Somalia's PM commits to free, fair polls after impasse over elections resolved

·2-min read
Somalia's PM Mohamed Hussein Roble looks on before addressing members of parliament, in Mogadishu

By Abdi Sheikh

MOGADISHU (Reuters) -Somali Prime Minister Mohamed Hussein Roble said he was committed to free and fair polls after he signed an agreement on Thursday with leaders from the country's regions to hold indirect elections after delays triggered a crisis.

Under the indirect election system, clan elders were meant to have selected lawmakers in December and the new lawmakers were due to elect a new president on Feb. 8. Both procedures failed to take place, amid disputes over issues that included the composition of an election commission supervising the voting.

The disagreements caused concern that clans could turn on each other and that the al Qaeda-linked al Shabaab Islamist insurgency could exploit a security vacuum.

"My government and I are committed to implement a free and fair indirect election. We are all responsible to ensure women get their 30% quota (of positions). I urge all state presidents to facilitate and implement this," Roble said after signing the agreement.

The agreement, which was read out at a ceremony, said Roble and the five regional states will select members of the election committee by Sunday.

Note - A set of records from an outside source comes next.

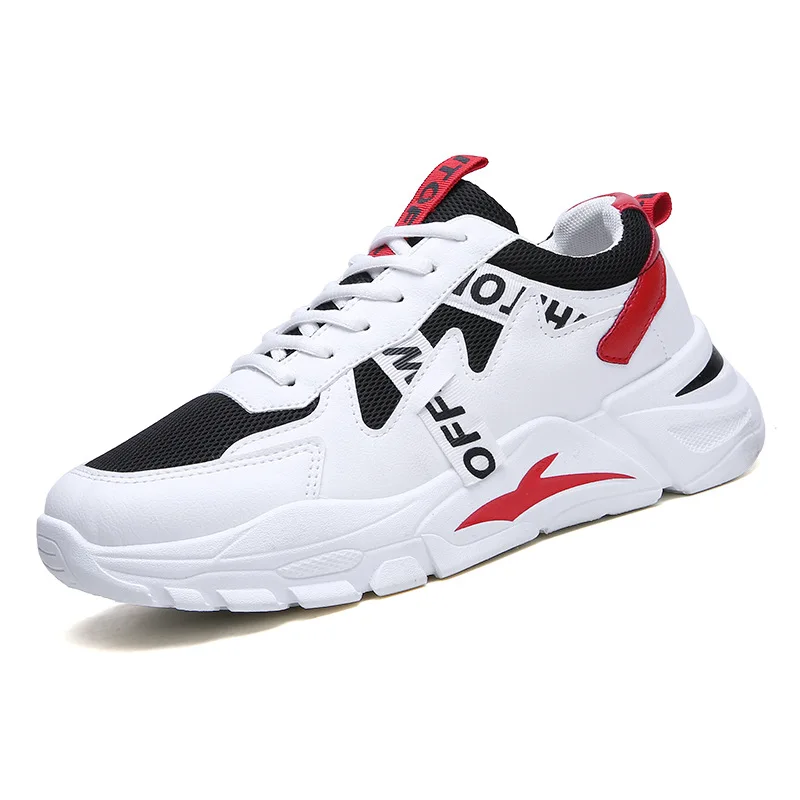 

2021 new breathable sports shoes men's fashion men's shoes thick soled daddy shoes running shoes tourism fashion shoes wholesale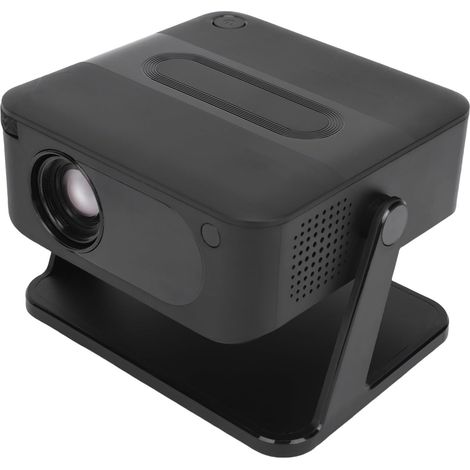 1080P Smart WiFi Bluetooth 5.4 mit Autofokus, PC, Smartphone, Laptop, 4K-Projektor, Heimkinoanlage, Trapezkorrektur und Schwenkfuß – für (1/4)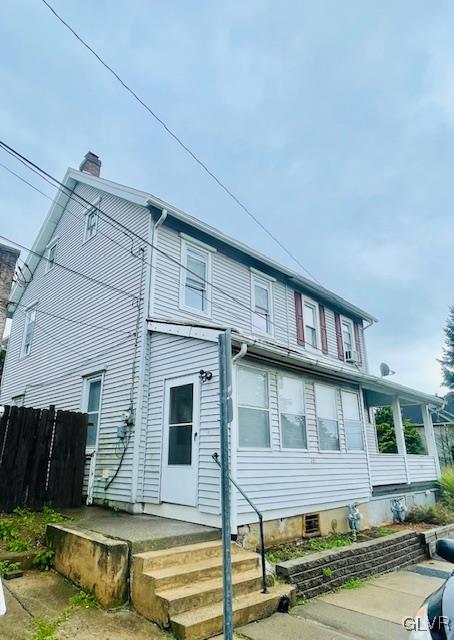 281 5th Street Whitehall, PA 18052 - Photo 5 of 36 a front view of a house with swimming pool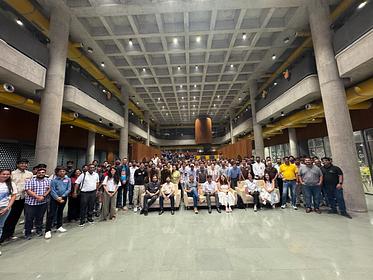 Snapshot from Ahmedabad Startup Day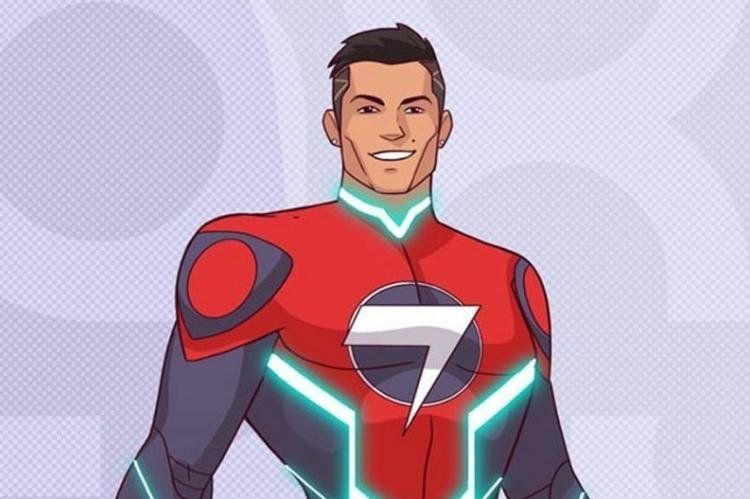 Cristiano Ronaldo, en cómic.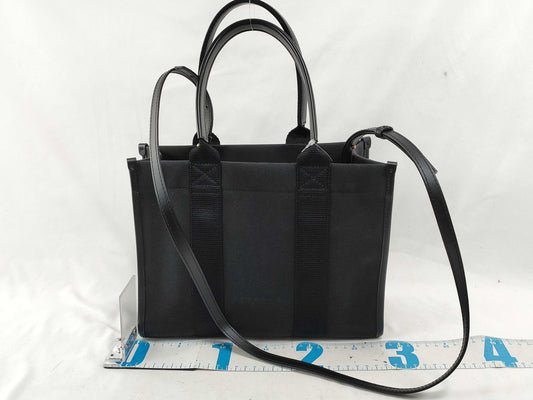 BALENCIAGA Hardware Black 2-Way Handbag 671402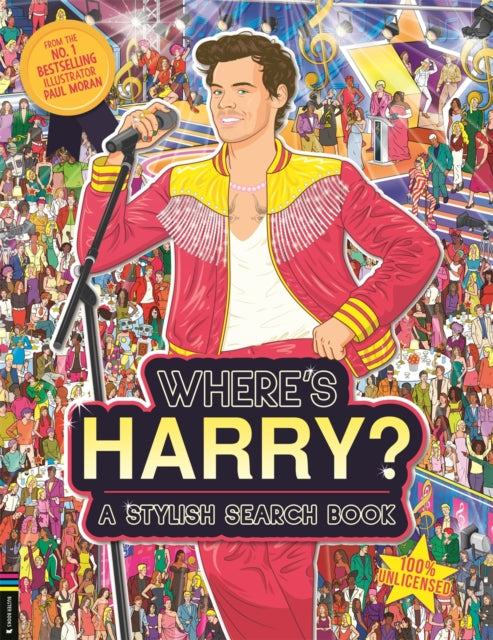 Wheres Harry Styles By Moran, Paul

The deal said indirect elections will be held within the next 60 days, with each region designating two venues to allow clan elders and clan representatives to select lawmakers to the lower house.

"My dear brothers, politicians, whatever you need is in front of me. Do not search in other places. Let's all forgive one another, and I ask you to forgive me," Roble said.

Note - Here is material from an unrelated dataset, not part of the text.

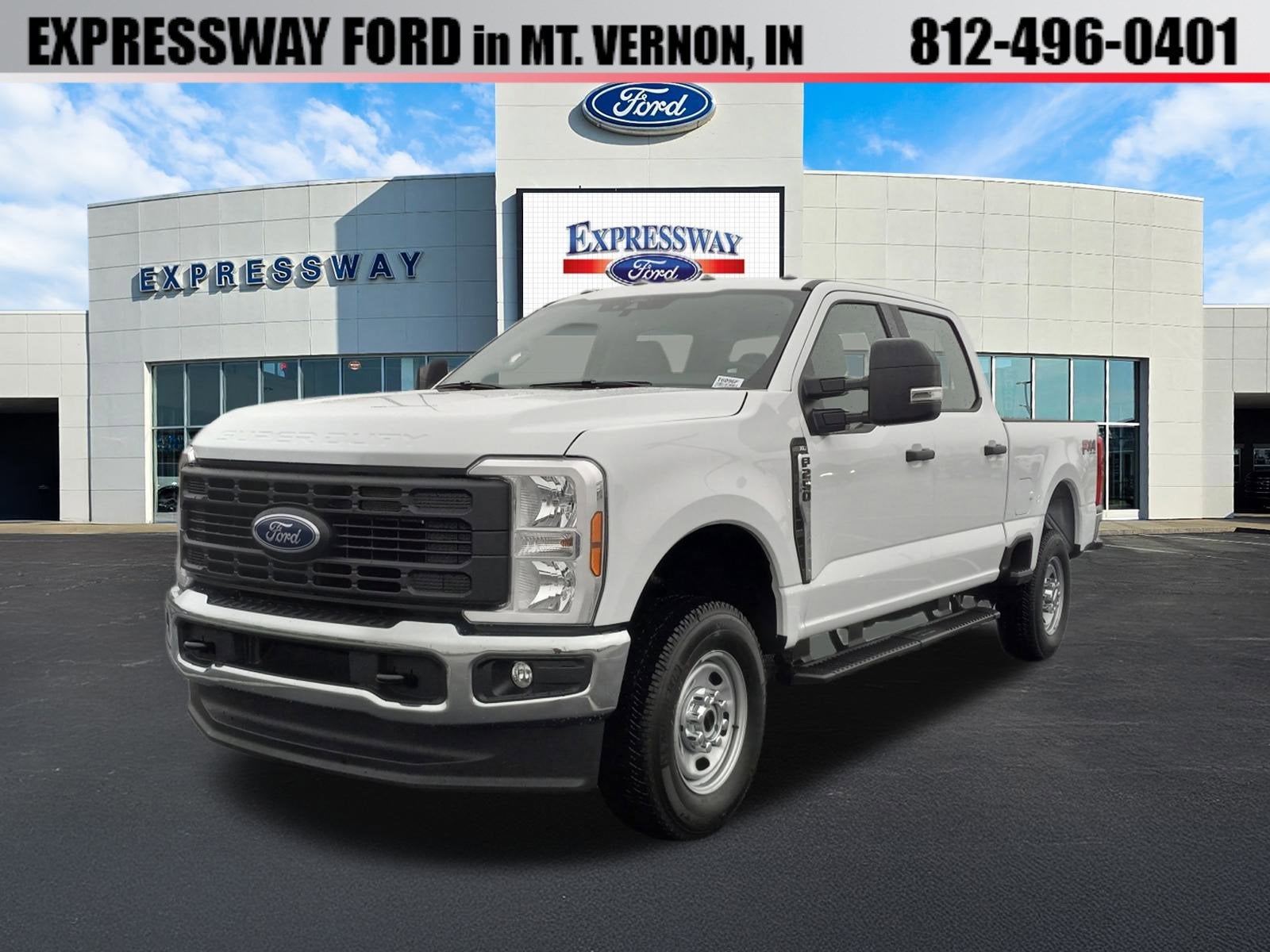2026 Ford Super Duty F-250 SRW XL 4WD Crew Cab 6.75' Box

Foreign Minister Mohamed Abdirizak told Reuters, "Today's agreement is historic. It was a Somali-led and Somali-owned process but that doesn't mean its implementation can also be all Somali-owned, we still need our international partners."

The elections will cost more than $15 million, he said, and COVID-19 has dented Somalia's revenues.

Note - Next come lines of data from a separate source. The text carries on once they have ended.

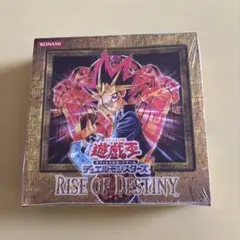 遊戯王 RISE OF DESTINY ライズオブデスティニー 未開封BOX - メルカリ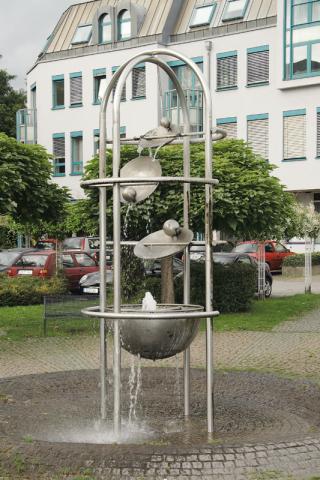 Gruner, Gottfried: Aqua-Mobil; Foto: Kunstmuseum Mülheim an der Ruhr/ Ralf Raßloff 2008, © 2020 VG Bild-Kunst, Bonn.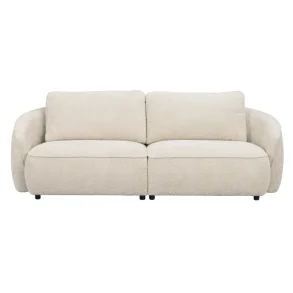 ROWICO Norris 3 pers. sofa - lys beige stof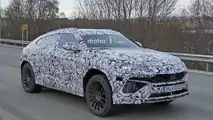 2018 Lamborghini Urus spy photo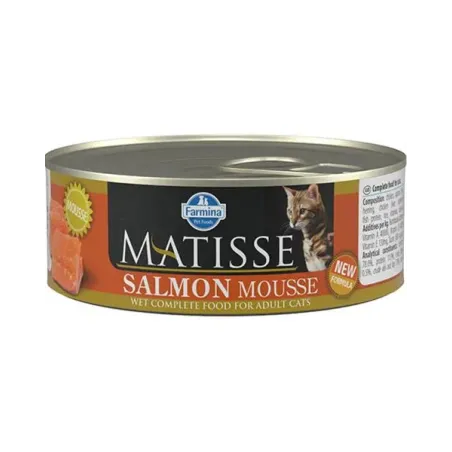 Farmina MO P MATISSE macska lazac mousse (hab), konzerv 85 g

Somalia was initially aiming to hold its first direct election since civil war erupted in 1991, but delays in preparations and continuous attacks by al Shabaab forced it to resort to an indirect vote.

President Mohamed Abdullahi Mohamed has sought a second term. The opposition has accused him of packing regional and national electoral boards with his allies.

In April, the lower house of parliament voted to extend the president's four-year term by another two years. The Senate rejected the extension, and troops opposed to the move seized positions in the capital. They have since returned to barracks.

Lawmaker Abdirizak Mohamed, the former internal security minister, has been a fierce critic of the president but said the deal had averted a crisis.

"A few weeks ago we were on the brink of armed conflict in the city of Mogadishu, and now we have reached a consensus to go for elections, so we are happy," he told Reuters.